Non è una donazione indiretta la cointestazione di un conto corrente bancario, pattuita in sede di divorzio tra due ex coniugi a vantaggio dei figli minorenni, qualora gli apporti al conto corrente siano effettuati da uno solo dei cointestatari.
Anche l’Agenzia delle Entrate riconosce che, nel caso prospettato, manca il requisito dello spirito di liberalità in quanto si tratta dell’adempimento di un obbligo che i coniugi hanno contratto in sede di procedura di divorzio per garantire il mantenimento dei propri figli.
Secondo l’Agenzia delle Entrate, per aversi una donazione indiretta vi deve essere un arricchimento del beneficiario, realizzato per spirito di liberalità, tramite atti diversi dalla donazione formale; elemento comune della donazione, sia diretta che indiretta, oltre all’arricchimento del beneficiario, è infatti l’animus donandi.

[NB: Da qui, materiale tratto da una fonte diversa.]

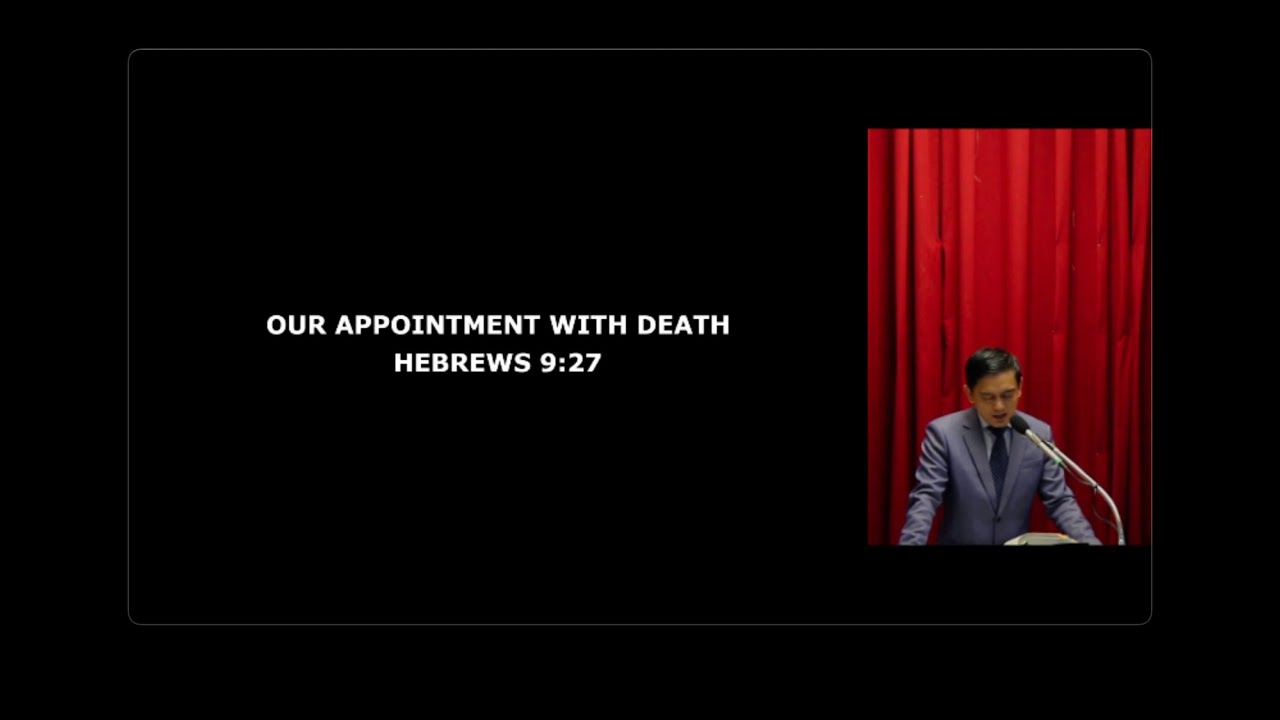OUR APPOINTMENT WITH DEATH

La risposta è presente nell’implicito presupposto che, ove nel caso osservato si fosse configurata una donazione indiretta, si sarebbe trattato di una fattispecie imponibile di rilievo ai fini dell’applicazione dell’imposta di donazione. Ma sul punto vi sarebbe un lungo ragionamento da svolgere, in quanto l’imposta di donazione presuppone l’esistenza di un “atto”, ciò che invero manca nel caso in cui si osservi un’attività consistente nel mero accredito su un conto corrente bancario.